Amende record pour un dégazage en mer, oui, mais encore…

Publié le par Aurélien

Le tribunal correctionnel de Brest (Finistère) a condamné mercredi 5 avril le commandant d'un porte-conteneurs pris en flagrant délit de pollution en mer à  une amende record de 800.000 euro s, dont 90% à la charge de l'armateur. Le "Maersk Barcelona", bâtiment de 239 mètres battant pavillon Bahamas, avait été repéré le 20 septembre dernier à environ 160 kilomètres à l'ouest de l'île de Sein (Finistère) par un avion des douanes françaises, avec dans son sillage une pollution par hydrocarbures longue de 61 kilomètres sur 100 mètres de large.
Selon la préfecture maritime de l'Atlantique (Brest), il s'agissait de la plus importante pollution en mer jamais constatée sur sa zone d'intervention, en l'occurrence du Mont-Saint-Michel à la côte espagnole. (AFP)

Si l’importance de pénalités sévères pour les pollueurs des mers n’est pas à remettre en cause, je m’interroge cependant sur l’aboutissement réel de telles sanctions. Les différentes condamnations enregistrées ces dernières années ont-elles toutes été versées, ou ces procédures ne font-elles encore qu’office de « vernis » visant à montrer le bon exemple, voire à augmenter la crainte des « dégazeurs » à l’approche de nos côtes, que les navires sauront désormais surveillées ?

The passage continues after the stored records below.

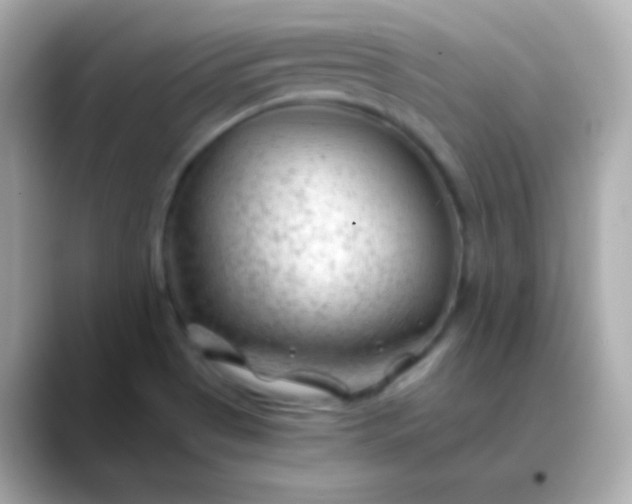 X0000088461513200706051315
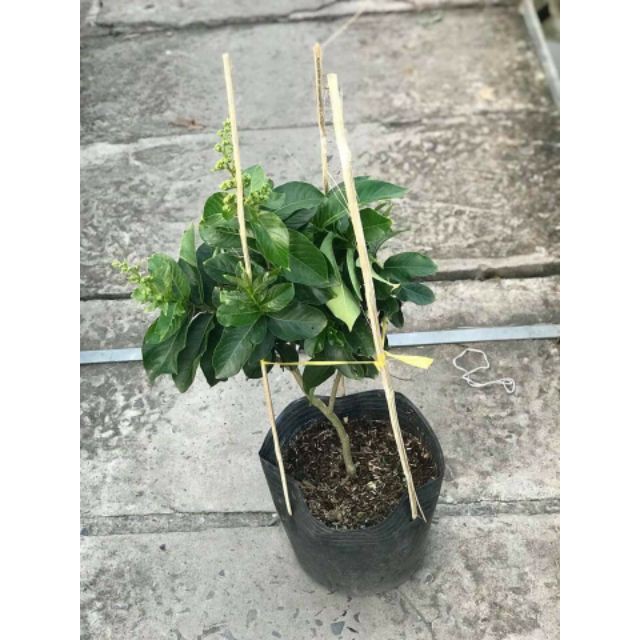 [ XẢ - CẮT LỖ] Bằng lăng Thái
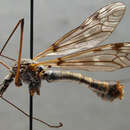 صورة Tipula (Pterelachisus) crassicornis Zetterstedt 1838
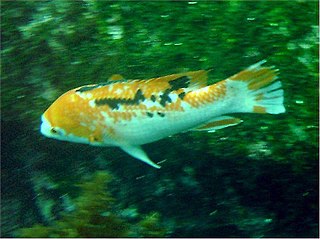 <i>Bodianus eclancheri</i> Species of fish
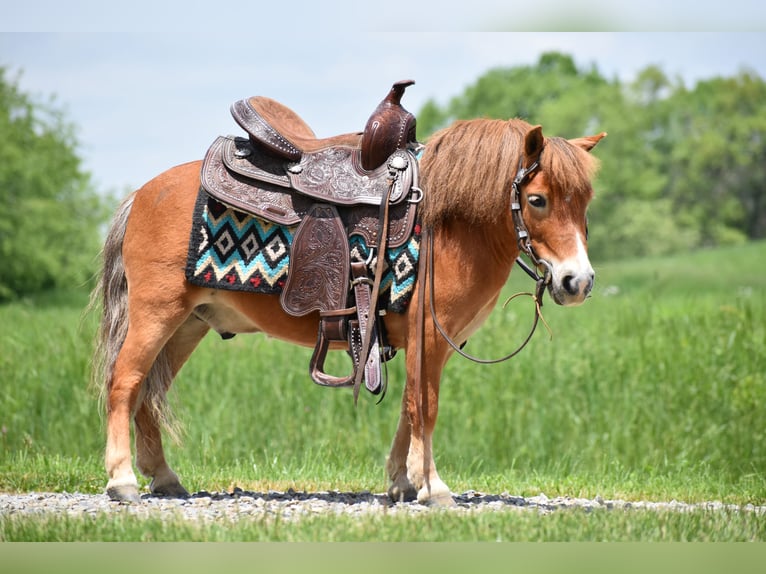 Más ponis/caballos pequeños Caballo castrado 6 años 86 cm in Baltic, OH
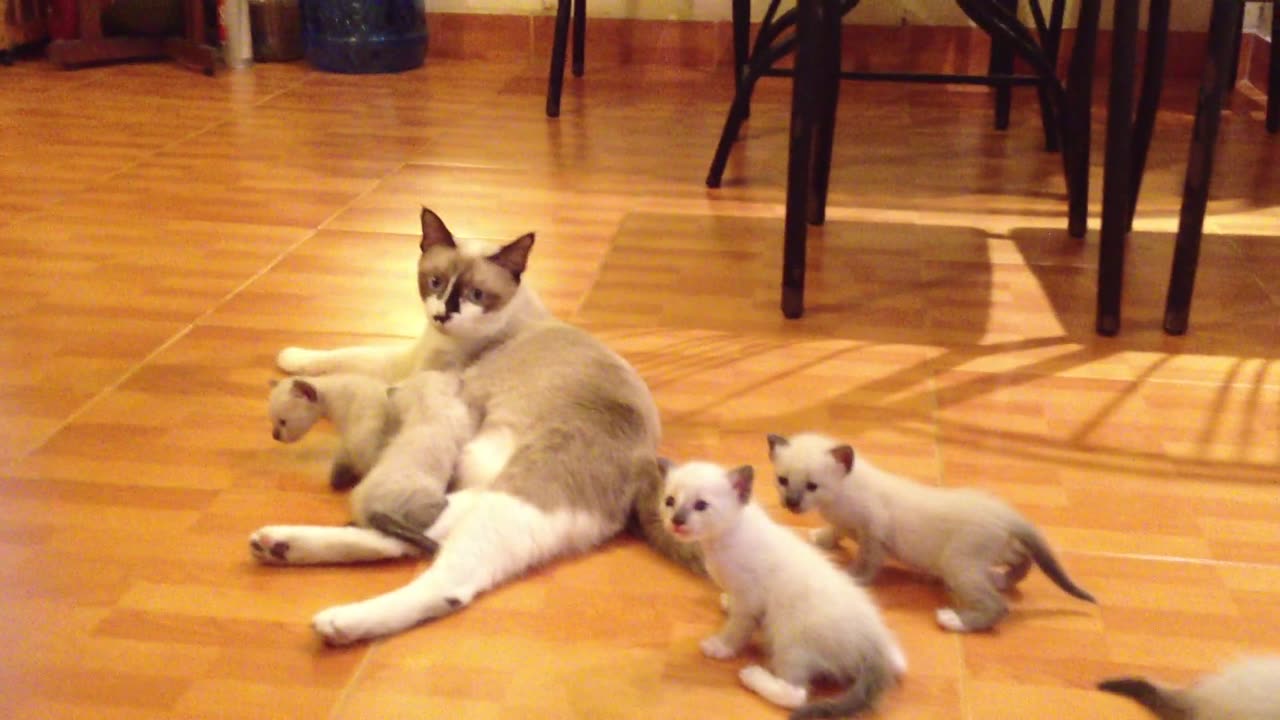 A mother cat with his kittens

Un texte des Nations Unies émanant de la convention de Montego Bay, donne juridiquement priorité à l’état du pavillon au détriment de l’état côtier. Il serait alors vraiment  temps que les justices des différents pays, notamment au niveau européen, appliquent les mêmes peines, et prennent exemple sur la France, pour que ces sanctions soient vraiment dissuasives. Cette information soulève aussi la question de la redistribution de l’argent récolté.

Pour le cas du Maersk Barcelona le tribunal a accordé des dédommagements et indemnités à une douzaine d’associations écologistes qui s’étaient, à l’époque du fait, portées partie civile. Nous arrivons donc approximativement à 60 000 euros devant être redistribués aux associations. A quoi le reste de la pénalité (soit plus de 700 000 euros) sera-t-il alors utilisé ?

Et qu’en est-il du soutien légitime à des structures tels que le FIPOL (Fond internationale d'indemnisation pour les dommages dus à la pollution par les hydrocarbures) ? Cet argent sera-t-il par exemple réinvesti dans des dispositifs anti-marées noires ?

J’espère que le principe du pollueur-payeur, grâce à une cohésion entre les états, gagnera en crédibilité, et que l’argent versé par les différents pollueurs servira effectivement à un mieux être pour notre environnement, pour des réparations certes, mais aussi pour de la prévention à hauteur des dommages supportés chroniquement par nos côtes.